Systemic risk in the financial system is risk tied not to one specific firm, but to the interactions between firms – for example, through possible avalanches of spreading financial distress. One important form of systemic risk arises from indirect links between financial institutions, created when financial institutions invest in the same assets. Such “overlapping portfolios” can help the consequences of financial shocks propagate through the system, especially through the devaluation of common assets. Devaluations trigger asset sales, which lead to further devaluations in an amplifying feedback.
During “the Great Moderation,” for example, a period starting in the mid-1980s until 2007, portfolios of financial institutions became increasingly similar as banks around the world held mortgage-backed securities and collateralized debt obligations in their portfolios. During the U.S. sub-prime mortgage crisis, financial contagion linked to overlapping portfolios led to losses of more than $500 billion. Due to the lack of empirical data, however, very little research has explored the dynamics of financial distress in networks of institutions with overlapping portfolios.
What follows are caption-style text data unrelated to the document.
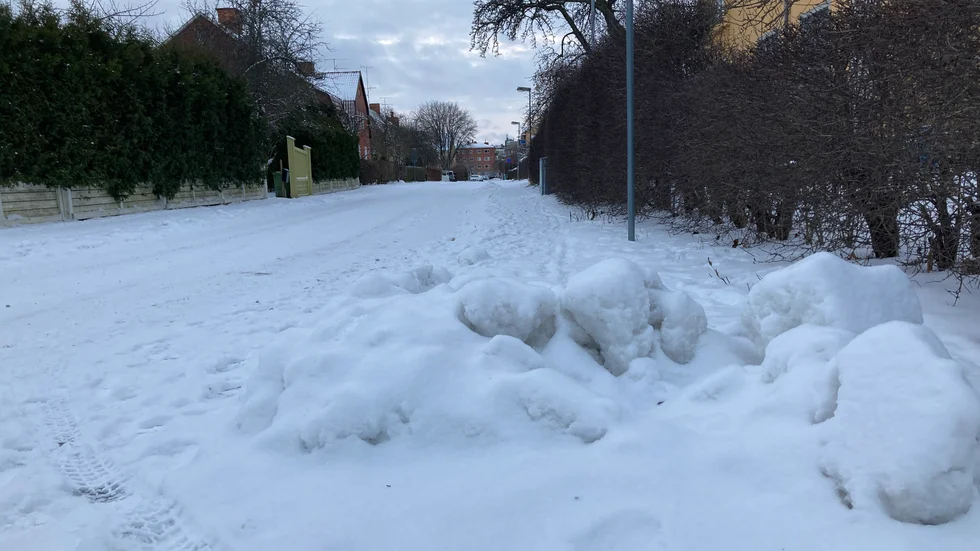 Från årsskiftet kan fastighetsägare inte längre köpa snöröjning av kommunen utan måste själva ombesörja att den sköts runt fastigheten.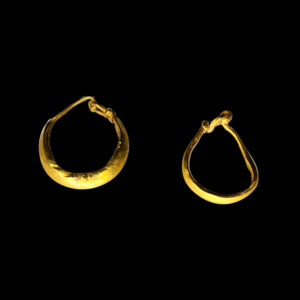 PAIRE DE BOUCLES D'OREILLES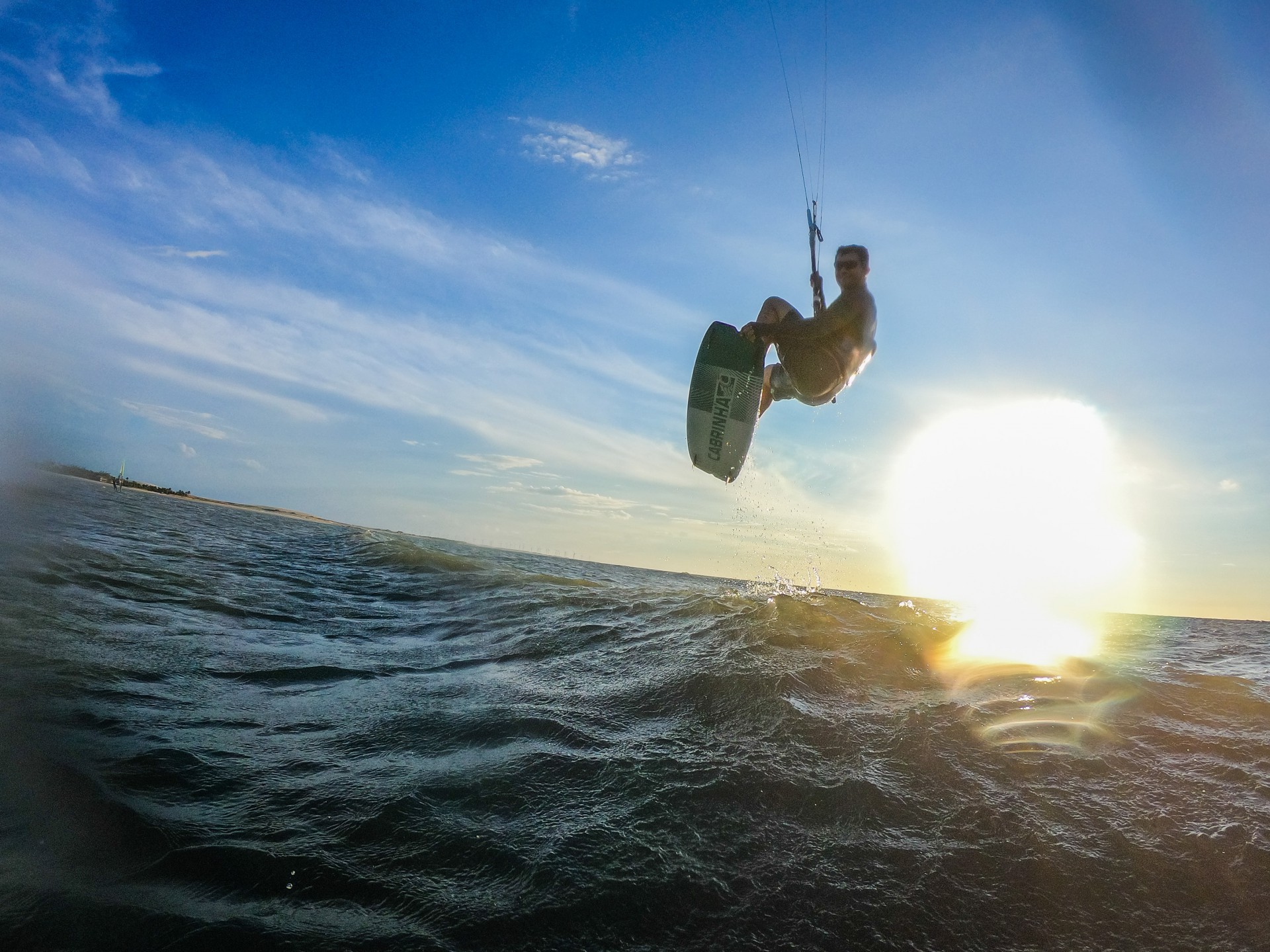 Kitesurfista aproveita os bons ventos da Praia do Maceió (Foto: JL Rosa)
In recent work, LML Fellow Fabio Caccioli and colleagues develop a novel method to quantify systemic risk from overlapping portfolios, extending the notion of systemic importance in financial networks to bipartite networks of financial institutions and securities using a unique data set for Mexican banks over the period 2004-2013. Building on earlier work, they go on to define a novel risk measure to quantify the expected loss due to systemic risk while taking cascading effects into account through explicit use of financial network topologies. They finally also use this risk measure to quantify the marginal contributions of individual direct and indirect exposures to the overall systemic risk.